Le service de la sécurité publique de l’Oklahoma a acheté ces lecteurs électroniques pour les distribuer aux patrouilles et à la police autoroutière. Leur intérêt ? Ils révèlent le solde, positif ou négatif, des cartes prépayées de toute sorte, fournissant par ailleurs une information limitée sur toute carte ayant une bande magnétique, y compris des cartes bancaires de crédit ou de débit.
Les habitants de l’Oklahoma sont d’autant plus chatouilleux sur la question qu’une réforme des procédures de saisie de biens civils a provoqué de vifs débats ces dernières années, alimentés par des cas hautement médiatisés de saisies policières injustifiées d’argent et autres actifs auprès de personnes innocentes – le plus souvent, qui plus est, en l’absence de toute mise en accusation formelle.
Des scanners qui permettent à la police de s’emparer de l’argent abusivement
Chaque lecteur-scanner coûte à l’Etat environ 5.000 dollars, auxquels il faut ajouter 1.500 dollars pour le stage de formation. L’Etat a en outre accepté de payer le fabricant, le groupe ERAD, sous forme de pourcentage : à raison de 7,7 % de tous les fonds engrangés par ces appareils lors des saisies policières.

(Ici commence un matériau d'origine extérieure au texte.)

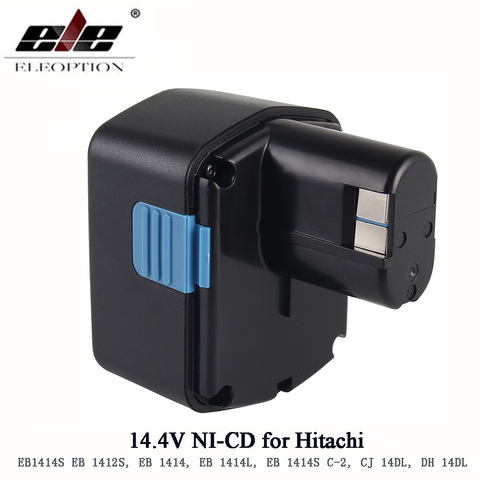 14.4V 2000mAh Rechargeable Battery For Hitachi EB1414S EB14B EB1412S 324367 EB14S DS14DL DV14DL CJ14DL DS14DVF3 NI-CD ► Photo 1/6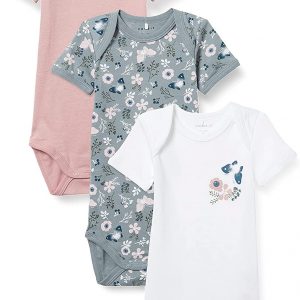 NAME IT Baby-Mädchen Kleinkind Unterwäsche-Satz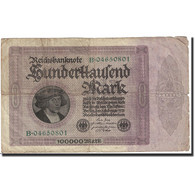 Billet, Allemagne, 100,000 Mark, 1923, 1923-02-01, KM:83c, TB - 100.000 Mark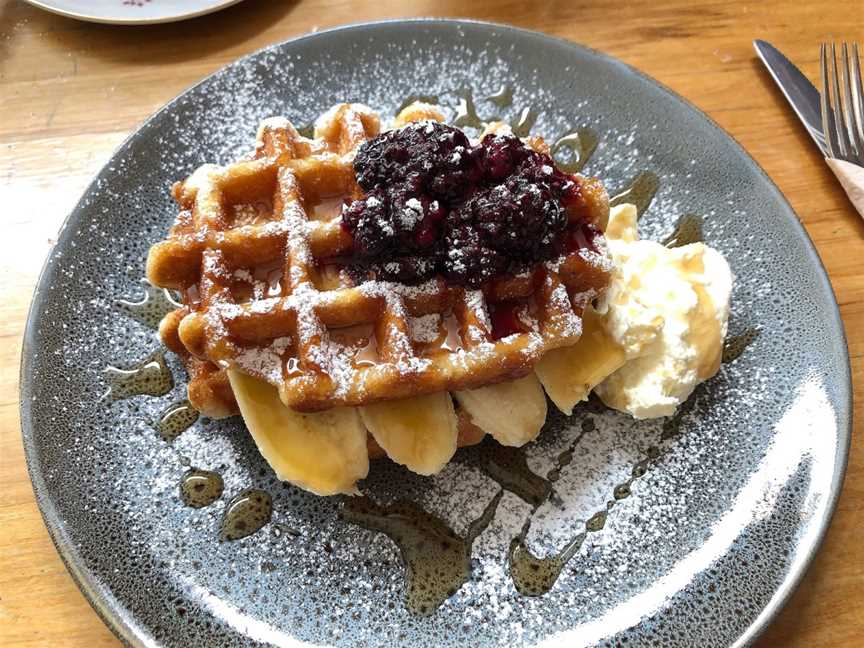 Potpourri Vegetarian Cafe, Dunedin, New Zealand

Pour ses promoteurs, c’est une arme importante contre le trafic de drogue, puisqu’elle permet de saisir sur-le-champ des fonds qui ne se trouvent pas à proximité de la marchandise illicite, et de contourner l’astuce des dealers qui évitent en multipliant les cartes de travailler avec de l’argent liquide. Mais le procédé inverse la charge de la preuve, mettent à mal la présomption d’innocence et ouvrant la porte aux abus : les personnes innocentes se verraient contraintes de justifier que les fonds ne sont pas liés à une activité criminelle pour les récupérer.
Le sénateur Kyle Loveless (Républicain) met en garde contre une utilisation exagérée de ces procédures, étant donné que la possession de multiples cartes prépayées n’est pas en soi délictueuse : « On a déjà vu des biens de gens innocents être saisis… », dénonce-t-il à propos des nouvelles procédures de saisie policière.
Au mois d’avril, par exemple, la police a saisi plus de 50.000 dollars chez le gestionnaire d’un groupe birman de rock chrétien. Or, il s’agissait de dons récoltés lors des concerts du groupe pour un orphelinat. La police a mis deux mois pour restituer la somme…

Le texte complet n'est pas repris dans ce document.